If you can recall, the prelude to this post applauded Thom Langford’s inventive approach to risk assessment, focusing on its clever analogy to the human body. We thought it decidedly creative, a style that can and should be used in risk management strategies. This blog, keeping in line with the lexicon used, will thus move on from the exterior to the interior: beneath the flesh so to speak.
Mr Langford, senior manager at Global Security Office, Sapient, explored risk management using body parts as a hook from which to peg various ideas. From the outset, he looked upon the feet as being the foundation of risk assessment, which, any lover of Pablo Neruda’s poetry will know, support the body, and as such, heart and soul.
The feet, he explained during his presentation, are equivalent to purpose. Everything stems from this, questions like what is it you’re doing, why are you doing it, what methodology do you plan to use and what is hoped to be achieved?

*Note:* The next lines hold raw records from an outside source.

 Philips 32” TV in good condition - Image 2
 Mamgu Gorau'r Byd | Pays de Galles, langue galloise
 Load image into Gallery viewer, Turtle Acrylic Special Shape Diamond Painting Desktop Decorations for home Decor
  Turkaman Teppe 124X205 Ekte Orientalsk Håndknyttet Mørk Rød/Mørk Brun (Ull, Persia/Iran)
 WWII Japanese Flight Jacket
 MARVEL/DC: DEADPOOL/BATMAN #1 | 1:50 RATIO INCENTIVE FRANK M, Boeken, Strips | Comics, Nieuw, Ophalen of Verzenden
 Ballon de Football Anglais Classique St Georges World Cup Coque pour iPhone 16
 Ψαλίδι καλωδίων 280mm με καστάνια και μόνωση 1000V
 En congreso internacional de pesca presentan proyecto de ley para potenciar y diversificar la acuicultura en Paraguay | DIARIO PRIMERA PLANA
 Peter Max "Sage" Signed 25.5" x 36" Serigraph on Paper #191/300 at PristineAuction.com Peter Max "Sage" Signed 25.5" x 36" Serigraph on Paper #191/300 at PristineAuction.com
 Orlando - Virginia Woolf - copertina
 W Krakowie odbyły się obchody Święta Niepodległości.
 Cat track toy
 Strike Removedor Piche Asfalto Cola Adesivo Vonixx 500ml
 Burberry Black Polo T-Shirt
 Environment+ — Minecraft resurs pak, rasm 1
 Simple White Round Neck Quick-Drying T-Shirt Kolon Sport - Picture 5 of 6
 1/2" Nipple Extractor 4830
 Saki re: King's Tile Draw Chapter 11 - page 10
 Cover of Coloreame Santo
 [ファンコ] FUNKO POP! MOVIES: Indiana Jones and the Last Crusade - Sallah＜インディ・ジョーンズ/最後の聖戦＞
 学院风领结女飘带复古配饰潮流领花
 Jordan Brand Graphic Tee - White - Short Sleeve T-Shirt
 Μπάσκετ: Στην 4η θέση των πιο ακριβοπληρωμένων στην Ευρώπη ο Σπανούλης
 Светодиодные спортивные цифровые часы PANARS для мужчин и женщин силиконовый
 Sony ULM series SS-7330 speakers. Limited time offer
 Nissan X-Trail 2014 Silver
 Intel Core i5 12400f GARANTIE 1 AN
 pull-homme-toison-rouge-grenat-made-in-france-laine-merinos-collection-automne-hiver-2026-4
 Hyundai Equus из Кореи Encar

From thereon in, he went straight to the brain, polar opposites geographically, but metaphorically linked. This is where ideas begin to take shape – the setting of foundations. Planning and preparation is important, mapping the assessment and beginning to flesh out the questions you generated early on help give weight to your endeavour. As Mr Langford noted during the talk, this is all common knowledge, but it is worth repeating.
You see, without proper planning, you run the risk of a protracted and inefficient process of labour. Take heed from Alan Lakein, the self-help businesses author: “Time equals life, therefore waste your time and waste your life, or master your time and master your life.” Without a brain, we are the walking dead.
The eye – a favourite of Mr Langford – is a tribute to empiricism: it’s all about observation, right from the get go. Like a newborn child soaking up the new landscape of the world, those carrying out a risk assessment need to be greedy for detail and scrutinize every feature going. This isn’t to be mistaken for excessive fastidiousness, but a genuine ‘eye for detail’. It all helps to inform the final conclusions and recommendations.
The ears for us, are a fantastic instrument in risk assessment. Ironically, one of the highlights of the talk was the concept of silence. For example, ‘force’ a silence between yourself and the client when you’re not satisfied with their engagement. How? Well, consider the idea that humans have a penchant for filling in ‘the quiet’. Let a hushed atmosphere descend: nine times out of ten people will say something. It’s fascinating stuff.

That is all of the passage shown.